Supplied data:

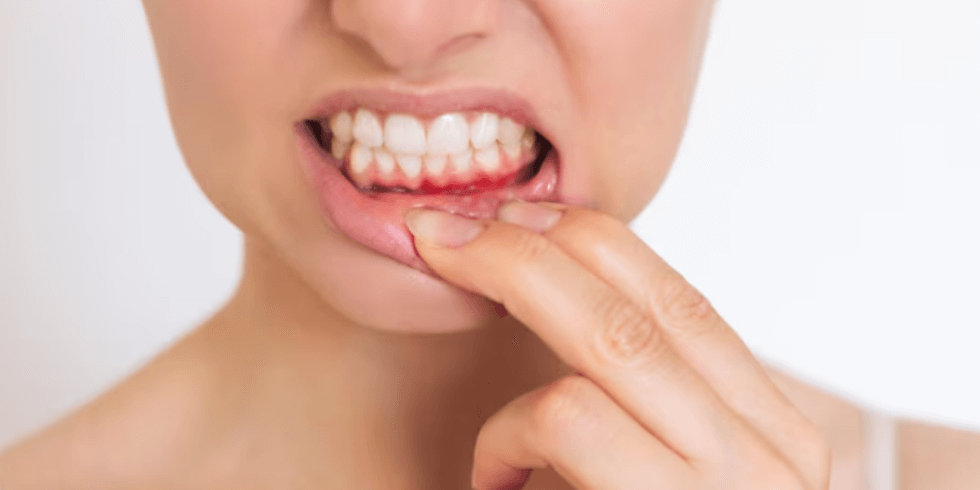 O que o Sangramento Gengival pode Indicar sobre sua Saúde Bucal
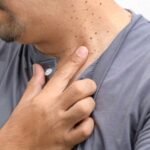 Seborrheic Keratosis Remedies and safe treatment options for common skin growths
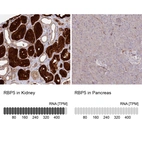 Anti-RBP5 Antibody
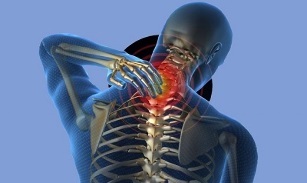 kaklo stuburo osteochondrozės priežastys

What the task asks: Each line above should be set down exactly as written, with pictures excluded.

Exercise response:
 O que o Sangramento Gengival pode Indicar sobre sua Saúde Bucal
 Seborrheic Keratosis Remedies and safe treatment options for common skin growths
 Anti-RBP5 Antibody
 kaklo stuburo osteochondrozės priežastys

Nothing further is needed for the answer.